Mehr Unfälle mit Motorrädern bei Vollmond
Kanadische Forscher werteten Verkehrsdaten aus – und geben der optischen Ablenkung die Schuld.
„I was lying in a burned out basement with the full moon in my eyes“, sang Neil Young in „After The Gold Rush“, „There’s a full moon risin’, let’s go dancin’ in the light“, in „Harvest Moon“, benannt nach einem speziellen Vollmond, jenem, der der Tag-Nacht-Gleiche im September zeitlich am nächsten ist.
Neil Young ist nicht nur, wie in nebenstehender Rezension ausgeführt, ein Liebhaber alter Autos, er weiß auch Motorräder zu schätzen (siehe Songs wie „Motorcycle Mama“oder „Desert Highway“). Umso mehr wird es ihn freuen, dass seine Erwähnung des Vollmonds in „After The Gold Rush“nun in einer wissenschaftlichen Publikation (The BMJ, 11. 12.) vorkommt, die Motorrad und Vollmond zusammenbringt.
Allerdings auf fatale Weise: Donald Redelmeier und Eldar Shafir von der University of Toronto – noch ein Zusammenhang mit Neil Young, der in Toronto geboren ist! – übertiteln ihre Studie mit „The Full Moon and Motorcycle Related Mortality“. Ausgewertet wurden offizielle Daten (aus der „National Highway Traffic Safety Administration“) über Motorradunfälle in den USA zwischen 1975 und 2014. In diesen 40 Jahren gab es 494 Vollmondnächte, in diesen wurden 4494 tödliche Motorradunfälle registriert, das sind 9,1 pro Nacht. Zum Vergleich wurden die Nächte jeweils eine Woche vor und nach dem Vollmond herangezogen: In diesen 988 Nächten ereigneten sich 8535 letale Motorradunfälle, das sind 8,6 pro Nacht.
Weniger als die Hälfte mit Helm
Der Zusammenhang ist nicht sensationell, aber signifikant. Um ihn zu erhärten, analysierten die Forscher ähnliche Daten aus Großbritannien, Kanada und Australien, sie erhielten 2,6 tödliche Motorradunfälle pro Vollmondnacht und 2,4 pro Vergleichsnacht.
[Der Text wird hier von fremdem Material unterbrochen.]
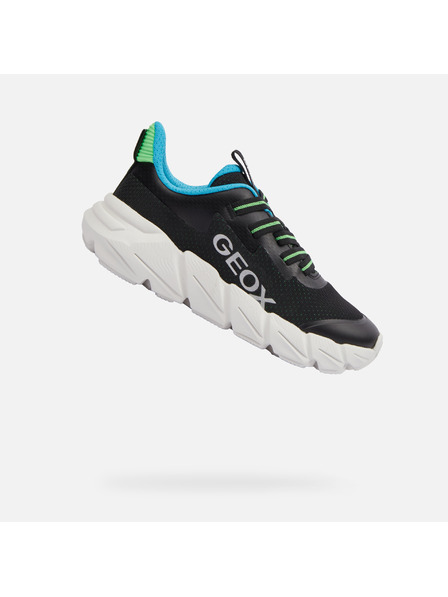 Geox Черни момчешки маратонки Geox Fast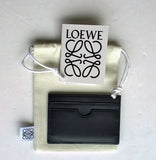 Loewe Leather Cardholder in Black Leather with Anagram Logo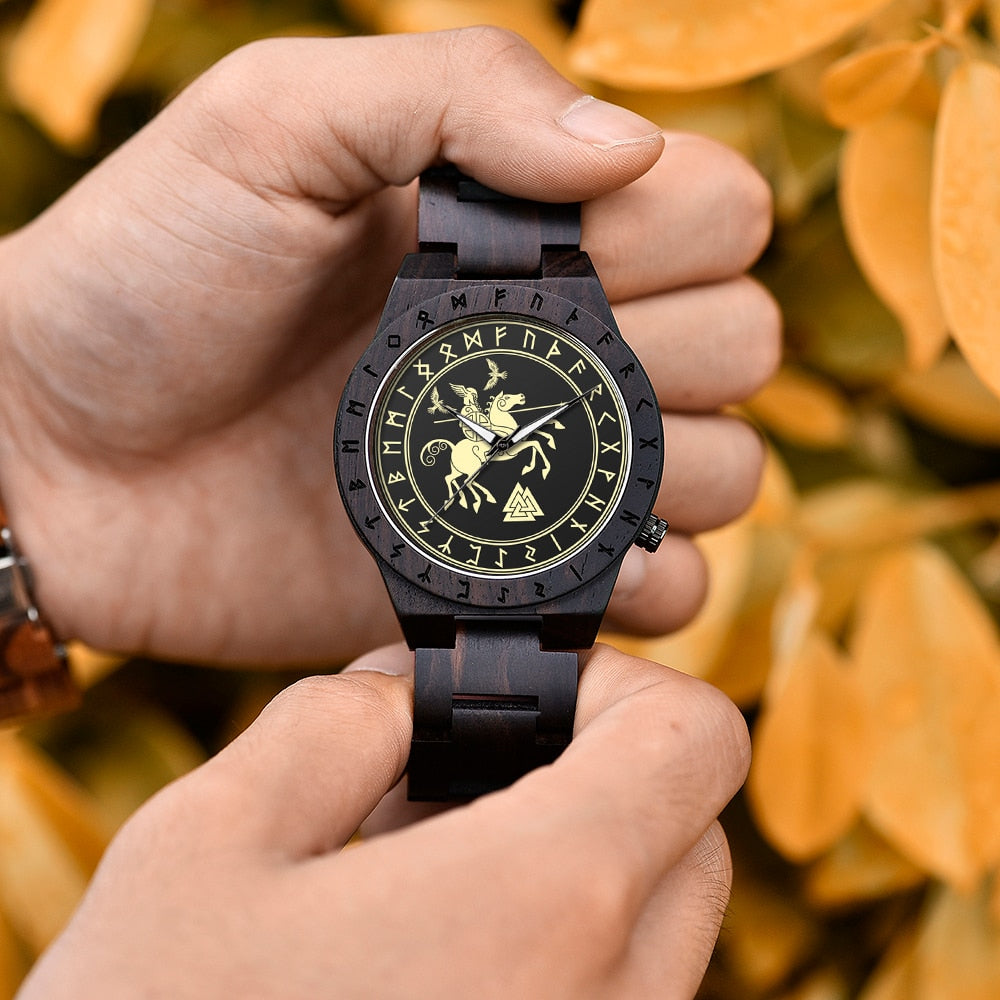 Wooden Viking Watch - Viking Warriors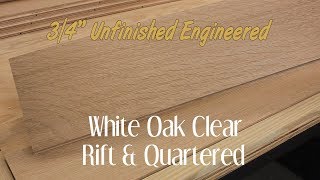 White Oak Clear Rift+Quartered Engineered Hardwood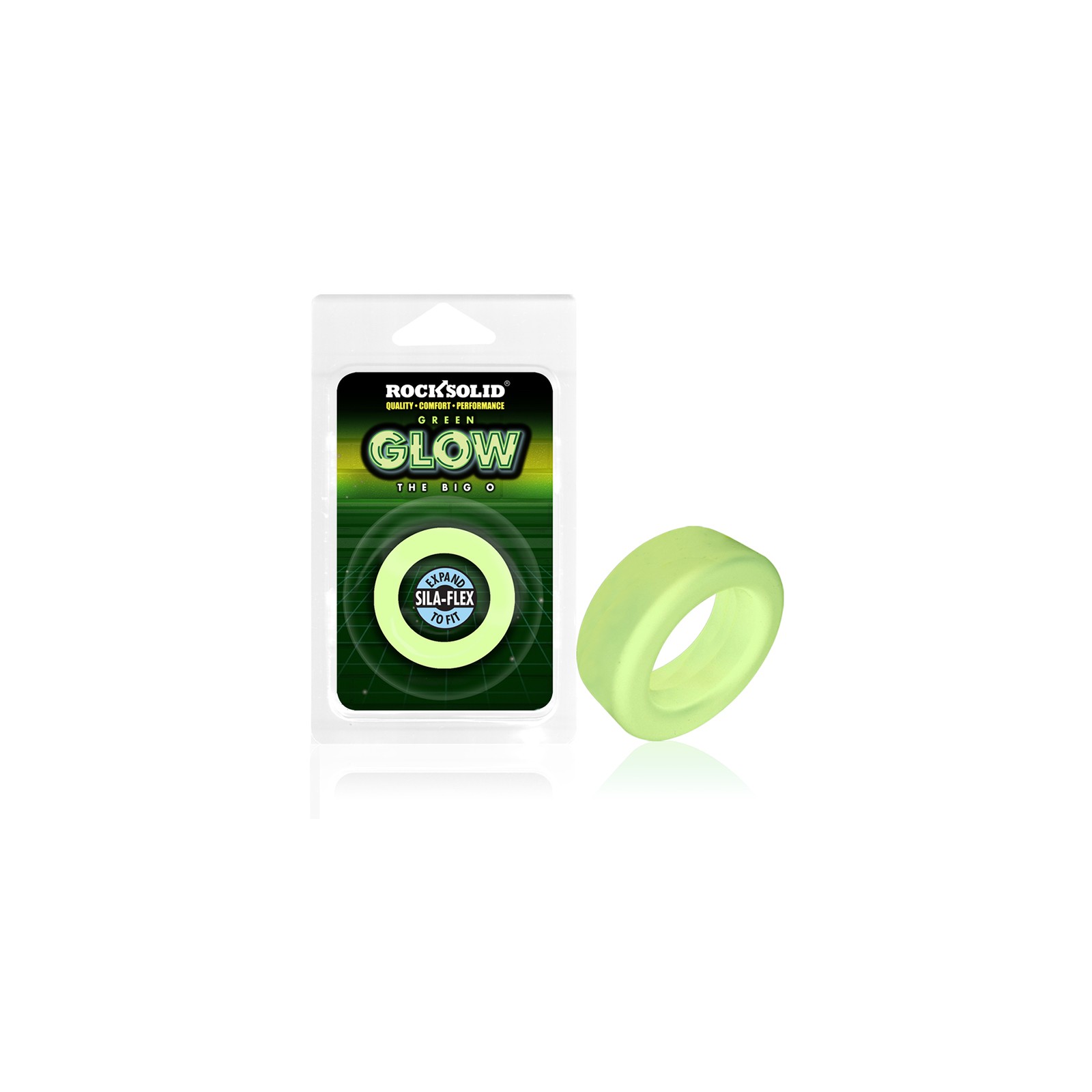 Rock Solid Sila-Flex Glow-in-the-Dark C-Ring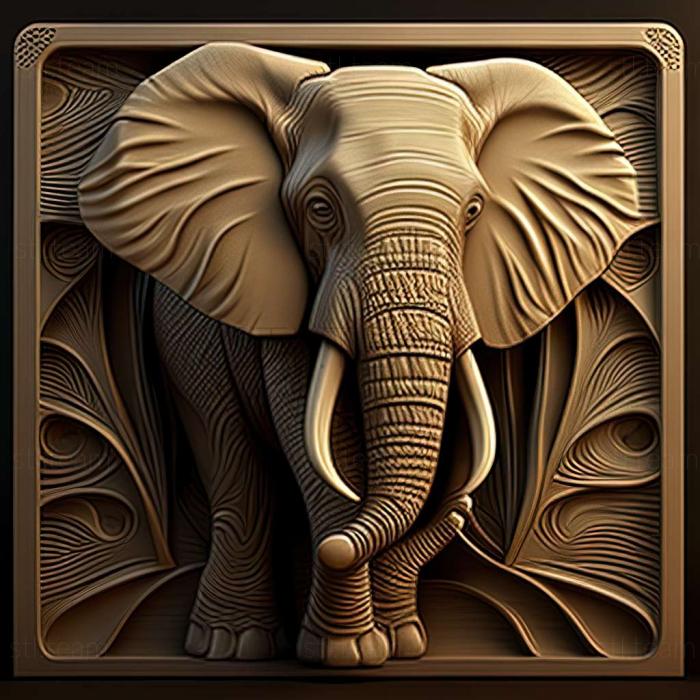 3D model Elephantiformes (STL)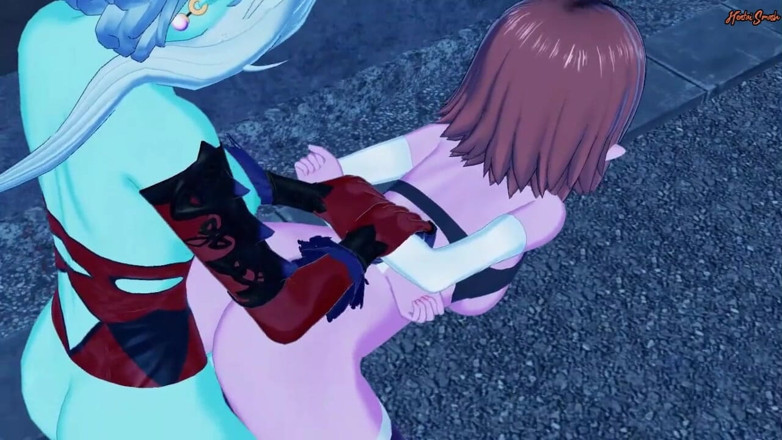 Hentai Smash: Supreme Kai Chronoa deepthroats futa Towa's cock - Dragon ball super...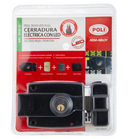 Kit Cerradura Eléctrica 3010 LUZ LED Indicador Puerta Cerrada o Abierta – Transformador + Pulsador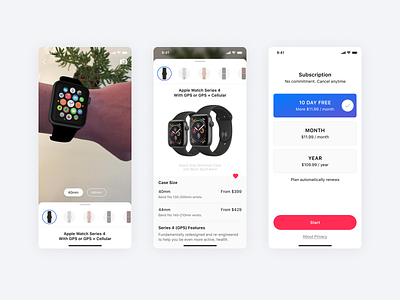 AR App Concept ⌚ app app concept apple ar ar app augmented reality concept ui ux watch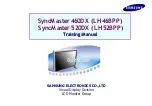 Предварительный просмотр 1 страницы Samsung 400UXn - SyncMaster - 40" LCD Flat Panel Display Training Manual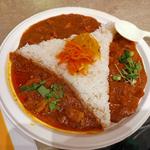 カレー屋ロストコーナー 3種あいがけ(東間屋)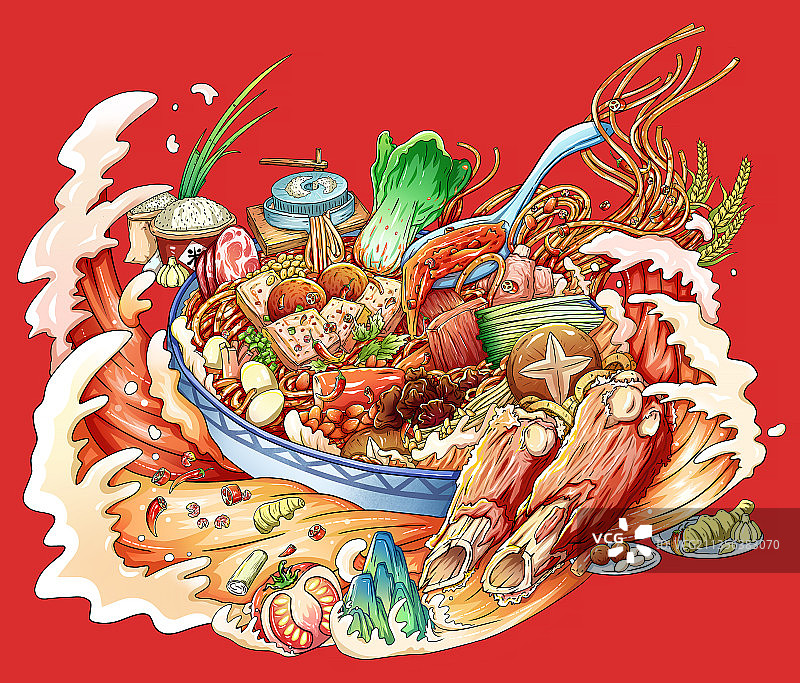 包装插画图片素材
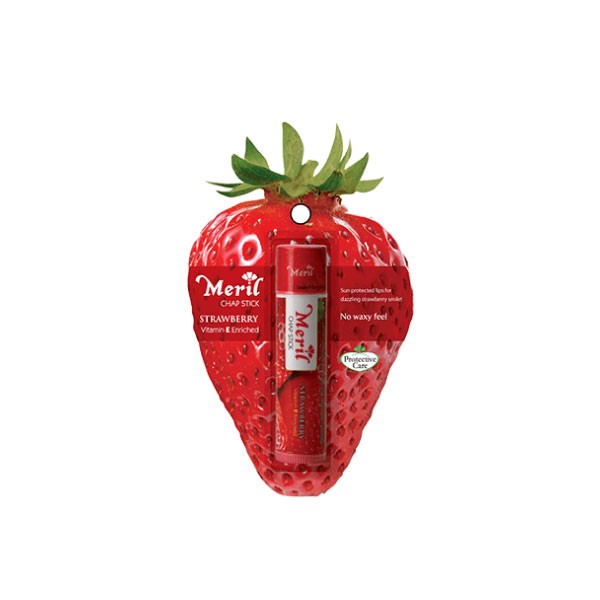 Meril Lip Balm (Strawberry)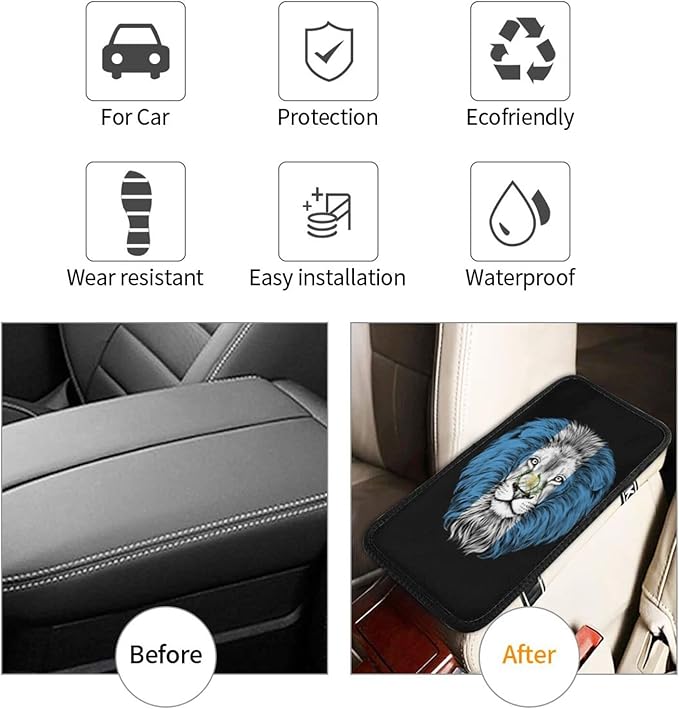 DARLEKS Car Armrest Cushion Auto Center Console Cover Pad Car Handrail Box Universal Decoration Mat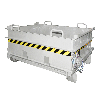 Bauer Baustoffcontainer BC 500 (Steinklammer-Entriegelung), feuerverzinkt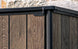 Signature Vertical Storage Shed - Walnut Brown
Der typische beteiligte Motorradfahrer sei „ein Mann mittleren Alters, der eine Straßenmaschine in ländlicher Umgebung fuhr und einen frontalen Zusammenstoß hatte“, schreiben die Forscher, weniger als die Hälfte der Verunglückten trug einen Helm.
Spannender ist die Interpretation der Korrelation: Die Forscher erwähnen die im Volksmund verbreitete Idee, dass der Vollmond die Menschen seltsam bis irre – „lunatic“sagt man auf Englisch – mache, gar nicht, sie führen die gestiegene Unfallhäufigkeit fast nur auf optische Ablenkung während des Fahrens zurück: „Ein Vollmond ist selten und spektakulär, stellt damit eine natürliche Ablenkung dar. Er ist groß und hell vor einem dunklen Himmel, sorgt damit für einen auffälligen Kontrast der Leuchtdichte.“Er könne dem Fahrer, etwa nach Hügeln, abrupt erscheinen. Dann wird doch eine allgemeine Wirkung des Vollmondes zart erwogen: Er „könnte zu vermehrten Freiluftaktivitäten aller Art beitragen, darunter häufigeres Reisen, größere Geschwindigkeiten, größere Entfernungen, nicht vertraute Routen, vermehrter Gegenverkehr und Mischungen weniger erfahrener Reisender.“Der nicht ganz klare Satz legt es schon nahe: In der Vollmondforschung ist durchaus noch einiges offen.